Paul Cheston leaves Evening Standard after ‘absolute pleasure’ of being courts correspondent for 23 years

By William Turvill

The London Evening Standard's courts correspondent Paul Cheston is leaving the newspaper today after 28 years.

Cheston, 59, started at the Evening Standard in 1988 as a general reporter and moved to his current position in 1993.

He was given a valedictory ceremony at the Old Bailey today, a privilege ordinarily reserved for departing judges.

In a speech delivered at the ceremony, Cheston said: "This is an astonishing honour and a great privilege for a simple newspaperman. In fact it is probably my proudest achievement since I was 21 and passed the 100 words per minute shorthand exam – and I had to cheat to do that.

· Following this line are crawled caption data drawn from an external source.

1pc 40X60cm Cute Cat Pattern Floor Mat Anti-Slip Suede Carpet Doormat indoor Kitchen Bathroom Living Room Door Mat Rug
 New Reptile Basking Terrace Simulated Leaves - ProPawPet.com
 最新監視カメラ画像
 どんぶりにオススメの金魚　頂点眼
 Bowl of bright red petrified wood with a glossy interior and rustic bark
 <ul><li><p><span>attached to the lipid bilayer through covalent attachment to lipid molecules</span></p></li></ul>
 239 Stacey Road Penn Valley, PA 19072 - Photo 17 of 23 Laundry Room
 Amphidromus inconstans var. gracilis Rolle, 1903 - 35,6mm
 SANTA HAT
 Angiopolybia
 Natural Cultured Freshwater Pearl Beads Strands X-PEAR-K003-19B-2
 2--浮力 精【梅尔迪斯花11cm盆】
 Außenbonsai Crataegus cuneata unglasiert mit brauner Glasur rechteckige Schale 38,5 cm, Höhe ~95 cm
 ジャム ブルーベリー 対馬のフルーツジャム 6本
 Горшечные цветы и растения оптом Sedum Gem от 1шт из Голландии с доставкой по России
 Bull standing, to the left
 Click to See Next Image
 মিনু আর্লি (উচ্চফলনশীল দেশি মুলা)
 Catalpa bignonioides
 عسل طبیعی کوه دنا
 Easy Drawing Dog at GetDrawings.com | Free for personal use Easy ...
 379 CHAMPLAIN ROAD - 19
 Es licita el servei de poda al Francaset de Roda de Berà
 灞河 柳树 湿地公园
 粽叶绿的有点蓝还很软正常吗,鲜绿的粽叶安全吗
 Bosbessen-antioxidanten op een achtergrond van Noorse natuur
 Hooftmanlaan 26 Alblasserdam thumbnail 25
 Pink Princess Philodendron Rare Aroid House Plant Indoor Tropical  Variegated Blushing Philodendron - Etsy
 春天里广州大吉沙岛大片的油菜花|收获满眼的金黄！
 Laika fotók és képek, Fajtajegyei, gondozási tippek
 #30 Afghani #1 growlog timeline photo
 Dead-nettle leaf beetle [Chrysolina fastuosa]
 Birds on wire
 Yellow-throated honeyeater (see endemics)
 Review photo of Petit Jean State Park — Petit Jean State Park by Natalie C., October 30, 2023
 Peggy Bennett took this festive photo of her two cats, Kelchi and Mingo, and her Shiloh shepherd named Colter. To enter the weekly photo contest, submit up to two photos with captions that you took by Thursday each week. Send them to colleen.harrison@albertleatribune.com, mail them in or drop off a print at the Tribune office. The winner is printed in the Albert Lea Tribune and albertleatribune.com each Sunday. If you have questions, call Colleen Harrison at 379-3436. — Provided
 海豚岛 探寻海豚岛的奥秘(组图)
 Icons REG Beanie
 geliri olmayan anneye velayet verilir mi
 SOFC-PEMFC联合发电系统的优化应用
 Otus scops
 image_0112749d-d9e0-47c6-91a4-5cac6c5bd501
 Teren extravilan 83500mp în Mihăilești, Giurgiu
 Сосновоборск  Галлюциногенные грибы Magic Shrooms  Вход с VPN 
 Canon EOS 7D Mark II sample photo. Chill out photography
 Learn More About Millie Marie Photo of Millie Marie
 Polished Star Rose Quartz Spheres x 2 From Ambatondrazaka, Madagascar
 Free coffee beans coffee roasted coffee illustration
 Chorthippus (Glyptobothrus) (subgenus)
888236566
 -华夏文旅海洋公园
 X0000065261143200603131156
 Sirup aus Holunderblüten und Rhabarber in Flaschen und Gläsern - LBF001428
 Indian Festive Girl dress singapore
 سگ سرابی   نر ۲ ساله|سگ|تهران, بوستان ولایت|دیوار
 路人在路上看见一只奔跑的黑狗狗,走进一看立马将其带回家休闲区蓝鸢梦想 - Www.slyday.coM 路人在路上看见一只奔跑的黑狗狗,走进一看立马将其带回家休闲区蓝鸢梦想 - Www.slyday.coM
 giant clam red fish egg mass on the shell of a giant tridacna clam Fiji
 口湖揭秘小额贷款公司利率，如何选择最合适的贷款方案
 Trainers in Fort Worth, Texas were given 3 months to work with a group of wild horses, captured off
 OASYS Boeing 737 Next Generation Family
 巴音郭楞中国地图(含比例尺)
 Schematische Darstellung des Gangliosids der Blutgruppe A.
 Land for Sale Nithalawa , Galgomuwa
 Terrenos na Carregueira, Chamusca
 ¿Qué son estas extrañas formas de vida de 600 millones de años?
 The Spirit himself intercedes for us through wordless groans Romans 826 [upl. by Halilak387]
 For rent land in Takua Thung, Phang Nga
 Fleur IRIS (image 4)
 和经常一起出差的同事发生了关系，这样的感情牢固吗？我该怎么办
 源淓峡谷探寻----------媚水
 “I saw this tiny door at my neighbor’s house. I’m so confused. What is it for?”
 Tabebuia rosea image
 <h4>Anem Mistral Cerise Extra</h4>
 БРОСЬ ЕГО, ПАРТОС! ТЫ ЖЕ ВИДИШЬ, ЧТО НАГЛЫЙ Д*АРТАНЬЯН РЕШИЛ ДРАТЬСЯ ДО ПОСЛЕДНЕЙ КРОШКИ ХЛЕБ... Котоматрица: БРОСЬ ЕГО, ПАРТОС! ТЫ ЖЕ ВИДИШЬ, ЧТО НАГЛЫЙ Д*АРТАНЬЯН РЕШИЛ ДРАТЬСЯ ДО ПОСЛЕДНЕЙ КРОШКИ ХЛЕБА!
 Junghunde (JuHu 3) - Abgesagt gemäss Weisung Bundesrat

"I must confess to some trepidation today as the last time I stood before a judge in these courts was to be seriously dressed down by a judge who is now in high office in another part of the court system. He was very angry that the Evening Standard had broken some court order.

"In my defence I should say that it was a story that I had neither written nor knew anything about. Then I made the mistake of trying to tell him so. As the judicial storm crashed around my head, I did think: I don’t really deserve this."

He said it had been an "absolute pleasure every day for 23 years to get the chance to work in the most famous and most important court in the world".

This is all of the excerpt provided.